Загадочный «О. Серебряный», что бы это ни значило, с этой минуты стал автором бестселлеров. Газета с первой частью первой главы должна была выйти завтра, но мы с Аксентьевым уже отмечали успех.

За это время я доработала и правила дорожного движения, и кое-как справилась с проектом страхового общества. Это было сложно — сложнее всего, знания у меня были исключительно потребительские, но Аксентьев заинтересовался, особенно частью страхования морских и речных грузов, вскоре должен был собраться целый консилиум из купцов, поскольку денег требовалось немало, но желающих набралось человек тридцать, и все первой гильдии. Трифон Кузьмич уже ворчал, что третья гильдия мне несолидно, я отнекивалась, что время есть.

Возвращалась я домой слегка хмельная, но не от медовухи, которая здесь была безалкогольная, а от успехов. На город, уже покрывшийся легкой зеленью, я смотрела как победитель. Я понимала, что, например, могу легко заехать вон в ту мастерскую и заказать новое платье, и, наверное, надо, потому что мое вдовье успело поистрепаться…
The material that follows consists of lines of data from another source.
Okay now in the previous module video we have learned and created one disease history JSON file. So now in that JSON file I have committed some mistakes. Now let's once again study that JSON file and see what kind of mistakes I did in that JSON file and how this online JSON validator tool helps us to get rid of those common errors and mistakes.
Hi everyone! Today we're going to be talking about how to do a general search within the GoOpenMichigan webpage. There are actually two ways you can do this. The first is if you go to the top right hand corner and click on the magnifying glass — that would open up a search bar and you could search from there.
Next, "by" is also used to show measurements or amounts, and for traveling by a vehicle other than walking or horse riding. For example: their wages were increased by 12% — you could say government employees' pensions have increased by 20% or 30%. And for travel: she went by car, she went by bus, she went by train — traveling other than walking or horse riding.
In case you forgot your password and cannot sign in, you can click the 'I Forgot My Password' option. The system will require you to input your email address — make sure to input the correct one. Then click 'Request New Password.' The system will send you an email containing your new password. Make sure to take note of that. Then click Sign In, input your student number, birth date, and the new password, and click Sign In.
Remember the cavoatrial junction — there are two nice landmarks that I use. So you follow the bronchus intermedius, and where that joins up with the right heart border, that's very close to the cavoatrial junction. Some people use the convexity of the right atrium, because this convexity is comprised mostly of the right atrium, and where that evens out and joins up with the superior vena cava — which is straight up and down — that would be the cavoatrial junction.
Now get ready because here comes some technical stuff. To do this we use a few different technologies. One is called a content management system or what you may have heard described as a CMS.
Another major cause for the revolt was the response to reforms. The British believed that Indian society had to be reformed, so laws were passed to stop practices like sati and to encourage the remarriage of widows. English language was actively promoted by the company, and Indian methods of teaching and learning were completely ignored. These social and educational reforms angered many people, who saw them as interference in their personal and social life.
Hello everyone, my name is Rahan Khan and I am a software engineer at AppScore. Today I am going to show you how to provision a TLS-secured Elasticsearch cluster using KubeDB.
Возле дома стояла коляска, которая мне показалась знакомой. Петр Аркадьевич, чтобы ему не спалось, явился, но нет, друг мой ситный, ты подписал себе приговор, когда выставил меня с детьми на улицу. Что угодно я могла бы простить, но это — нет. Мои дети подвергались риску простыть и заболеть, и если бы не Ефим и Лукея!..

— Барин до вас, ваша милость, — обрадовал меня Фома. — Пришел, упрямый, все сидел, а теперь не скажу, куда делся. Но коляска тут… Может, куда зашел перекусить.
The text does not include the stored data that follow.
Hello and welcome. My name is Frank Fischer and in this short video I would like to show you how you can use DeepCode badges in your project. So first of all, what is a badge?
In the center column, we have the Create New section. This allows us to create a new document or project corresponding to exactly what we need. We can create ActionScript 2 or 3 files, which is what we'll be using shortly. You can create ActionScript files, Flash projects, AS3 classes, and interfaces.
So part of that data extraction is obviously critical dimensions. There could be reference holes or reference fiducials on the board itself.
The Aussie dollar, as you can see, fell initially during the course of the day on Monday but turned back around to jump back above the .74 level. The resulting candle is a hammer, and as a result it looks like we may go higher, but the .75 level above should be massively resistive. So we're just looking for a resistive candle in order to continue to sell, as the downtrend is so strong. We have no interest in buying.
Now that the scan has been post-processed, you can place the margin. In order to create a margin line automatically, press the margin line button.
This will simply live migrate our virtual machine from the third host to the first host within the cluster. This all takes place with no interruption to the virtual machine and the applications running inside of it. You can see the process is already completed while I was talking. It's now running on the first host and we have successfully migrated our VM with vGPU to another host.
— Чтобы ему там кусок поперек горла встал, — в сердцах вызверилась я. — Я знаю, кто это, Фома. Нет-нет, я сама поговорю и сама справлюсь, как появится, пусть пройдет. За меня не беспокойся.

Но барин уже и сам спешил, чуть не попав под лихача и получив порцию отборной ругани. Требования о вежливости распространялись на седоков, а не на пешеходов, и извозчики хоть так отводили душу.